Cutler, an Independent, acknowledges he has been directly critical of Gov. Paul LePage’s performance — and behavior — as governor.
“He’s not all wrong. There are some things he’s done that I agree with, but when he tries to do things right, he gets in his own way,” said Cutler. “And when he isn’t right, he gets in our way.
“Instead of a governor who is a salesman for Maine around the world, we have a governor who has left Maine red-faced and embarrassed all over the world,” he said. “He has launched one unguided missile after another, calling anyone who disagrees with him a ‘liberal’ and every program he doesn’t like ‘welfare,’ yet all the while he has fashioned no plan for Maine’s future, leaving Maine’s economy mired in a decade-long rut.”
While Cutler says his Democratic challenger, Mike Michaud, is a “very decent man,” he doesn’t feel Michaud is the best choice for governor either.
“I like Mike, too, but he is a product of 30 years in Augusta and Washington and look where we are,” said Cutler. “It’s not clear to me what he wants to do, it’s not clear to me what his ideas and proposals are, and it’s certainly not clear to me that he has the breadth of skills and experience — outside of politics — that qualify him to be the leader that Maine needs.
“I hear it all over Maine — ‘We need leadership. We need someone who has the courage, temperament, skills and the experience to lead,’ and we aren’t seeing that from Paul LePage and I don’t have any confidence that we’d see it from Mike Michaud,” he said. “The other problem that affects both of these guys is that they both are driven by two different sets of interests with pretty narrow agendas.

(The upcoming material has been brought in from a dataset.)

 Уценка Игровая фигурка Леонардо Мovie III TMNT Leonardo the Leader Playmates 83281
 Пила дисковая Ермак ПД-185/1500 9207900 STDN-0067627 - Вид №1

The political parties have become smaller and smaller and smaller and narrower and narrower and narrower over time, and as a consequence, one has drifted to the right and one has drifted to the left leaving the middle — which is where most of us in Maine live, think and vote — unrepresented, unhappy and dissatisfied.”

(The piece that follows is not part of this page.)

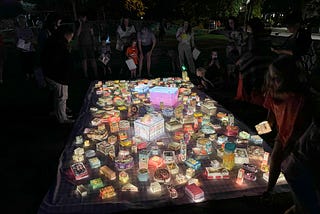 The Guest’s Shadow visits Jean Sibelius Park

Cutler said his leadership qualifications are clear.
“I worked my way through college and law school, and then I went to work for Ed Muskie. I spent seven years working on helping him write the Clean Air Act, Clean Water Act and the National Environmental Policy Act,” he said. “I was the associate director of the Office of Management and Budget in the White House where I oversaw the budgets of seven federal agencies. I eventually became a lawyer and started my own law firm, which became the second biggest environmental law firm in America. I later merged that with another big firm and opened that firm’s office in Beijing where I lived for three years.
“I’ve done turnarounds as a private investor, managed companies, and started businesses here in Maine. I have a broad leadership background in both the private and public sector, and it’s my private sector experience as a businessman and entrepreneur that distinguishes me — among other things — from both Mike and Paul,” said Cutler. “Starting a business, and growing it, and managing it according to a plan, strategy and a vision for where you’re heading, that’s what Maine needs and I can provide that. I don’t think voters want to hear just platitudes and slogans. We’re tired of that, and it doesn’t work. We’re tired of the partisanship, we’re tired of lack of direction, and a lack of a plan. I’ve put forward a vision, a plan and a strategy and I challenge the other candidates to have at it, or offer their own.”
With a little more than a year left until residents cast their ballots for governor, Cutler said the state’s needs are quite clear.
“We need to clean up our political system and our democracy, invest in our competitive advantages, make government smarter, and tackle education and health care. If we do those things, Maine is going to get younger and more prosperous,” he said. “I find campaigning exhilarating and wonderful. How much better could it be spending your time traveling around the state of Maine and visiting with good people? I hope to serve those same good people as the next governor of Maine.”